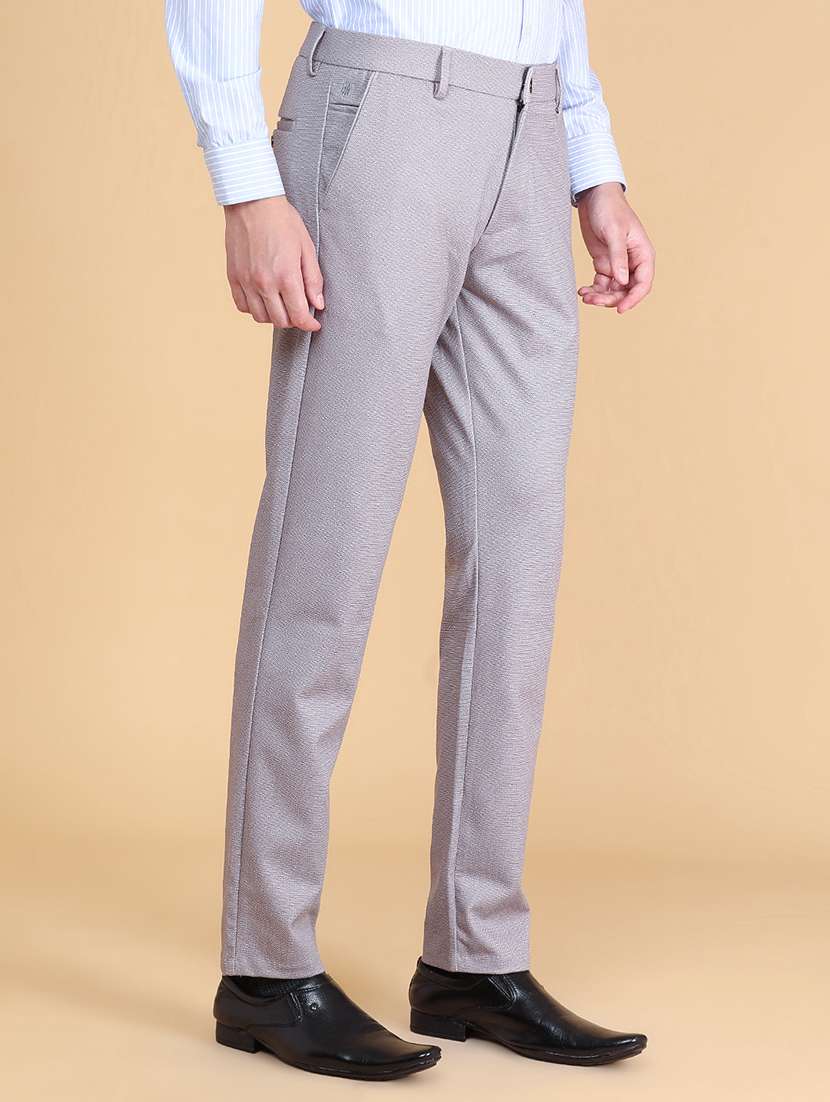 men textured mid rise regular fit formal trouser - 22626278 -  Standard Image - 3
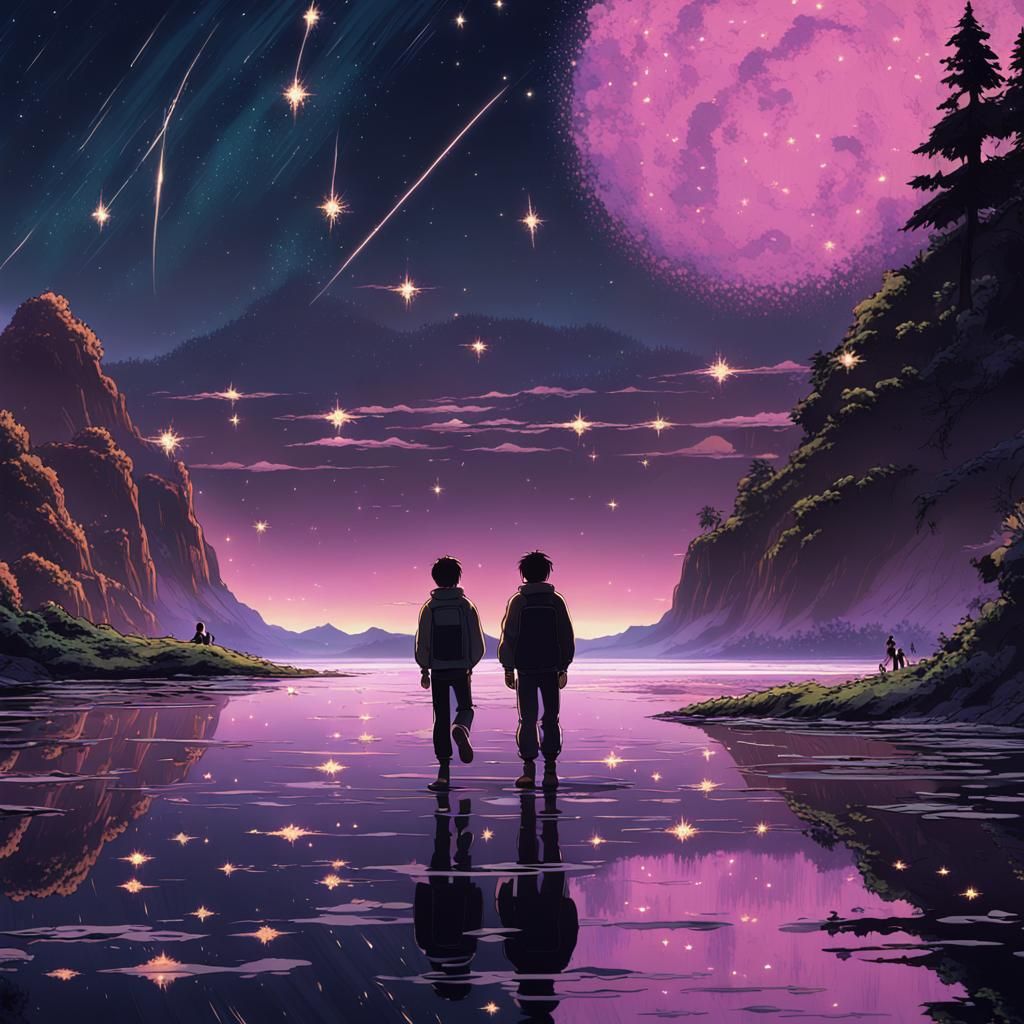 Anime Planet Walkers Witness Celestial Event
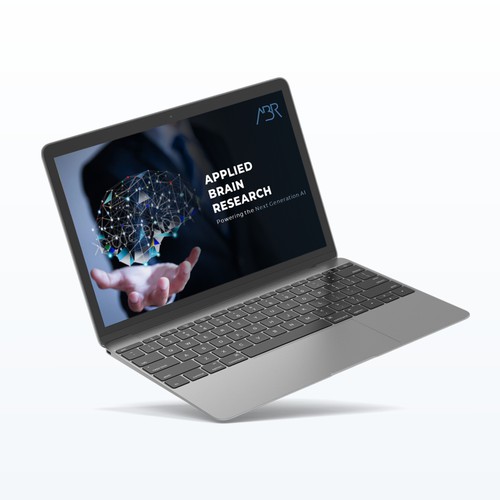 Artificial intelligence design with the title 'Modern PowerPoint Template for an AI Firm	'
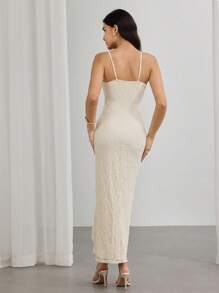 Modelyn Women Elegant Solid Color Lace Slit Camisole Dress - Apricot - View 3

TASK ITEM ->
Every word of the material, and none of its pictures, should be set down again.

RESPONSE FOR THIS EXERCISE ->
 men textured mid rise regular fit formal trouser - 22626278 -  Standard Image - 3
 Anime Planet Walkers Witness Celestial Event
 Artificial intelligence design with the title 'Modern PowerPoint Template for an AI Firm	'
 Modelyn Women Elegant Solid Color Lace Slit Camisole Dress - Apricot - View 3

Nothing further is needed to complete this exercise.